Visualising CNNs: The Class Appearance Model

In this example we will demonstrate the ClassAppearanceModel callback included in torchbearer. This implements one of the most simple (and therefore not always the most successful) deep visualisation techniques, discussed in the paper Deep Inside Convolutional Networks: Visualising Image Classification Models and Saliency Maps

Note: The easiest way to use this tutorial is as a colab notebook, which allows you to dive in with no setup. We recommend you enable a free GPU with

Runtime   →   Change runtime type   →   Hardware Accelerator: GPU

Install Torchbearer

First we install torchbearer if needed.

In [1]:
try:
    import torchbearer
except:
    !pip install -q torchbearer
    import torchbearer
    
print(torchbearer.__version__)
0.4.0.dev

Background

The process to obtain Figure 1 from the paper is simple, given a particular target class $c$, we use back-propagation to obtain

\begin{equation} \arg\!\max_I \; S_c(I) - \lambda\Vert I \Vert_2^2\; , \end{equation}

where $S_c(I)$ is the un-normalised score of $c$ for the image $I$ given by the network. The regularisation term $\Vert I \Vert_2^2$ is necessary to prevent the resultant image from becoming overly noisy. More recent visualisation techniques use much more advanced regularisers to obtain smoother, more realistic images.

Loading the Model

Since we are just running the callback on a pre-trained model, we don't need to load any data in this example. Instead, we use torchvision to load a VGG16 trained on ImageNet with the following:

In [2]:
import torch.nn as nn
import torchvision

class Model(nn.Module):
    def __init__(self):
        super(Model, self).__init__()
        self.net = torchvision.models.vgg16(True)

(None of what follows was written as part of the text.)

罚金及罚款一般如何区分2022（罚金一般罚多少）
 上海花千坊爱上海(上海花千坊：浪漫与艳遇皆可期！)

    def forward(self, input):
        if input is not None:
            return self.net(input)

model = Model()

We need to include the None check as we will initialise the Trial without a dataloader, and so it will pass None to the model forward.

Running with the Callback

When producing gradient based visualisations, we commonly need to include a transform to convert the input to the right space. For torchvisions ImageNet models we can use the following:

In [3]:
from torchvision import transforms

normalize = transforms.Normalize(
    mean=[0.485, 0.456, 0.406],
    std=[0.229, 0.224, 0.225]
)

Finally we can construct and run the Trial with:

In [4]:
%matplotlib inline
import matplotlib
matplotlib.rcParams['figure.figsize'] = (8.0, 8.0)

import torch
from torchbearer import Trial
from torchbearer.callbacks import imaging

device = 'cuda' if torch.cuda.is_available() else 'cpu'

trial = Trial(model, callbacks=[
    imaging.ClassAppearanceModel(1000, (3, 500, 500), steps=128, target=951, decay=0.002, in_transform=normalize)
              .on_val().to_pyplot().to_file('lemon.png'),
    imaging.ClassAppearanceModel(1000, (3, 500, 500), steps=128, target=968, decay=0.002, in_transform=normalize)
              .on_val().to_pyplot().to_file('cup.png'),
    imaging.ClassAppearanceModel(1000, (3, 500, 500), steps=128, target=543, decay=0.002, in_transform=normalize)
              .on_val().to_pyplot().to_file('dumbbell.png')
])
trial.for_val_steps(1).to(device)
trial.evaluate()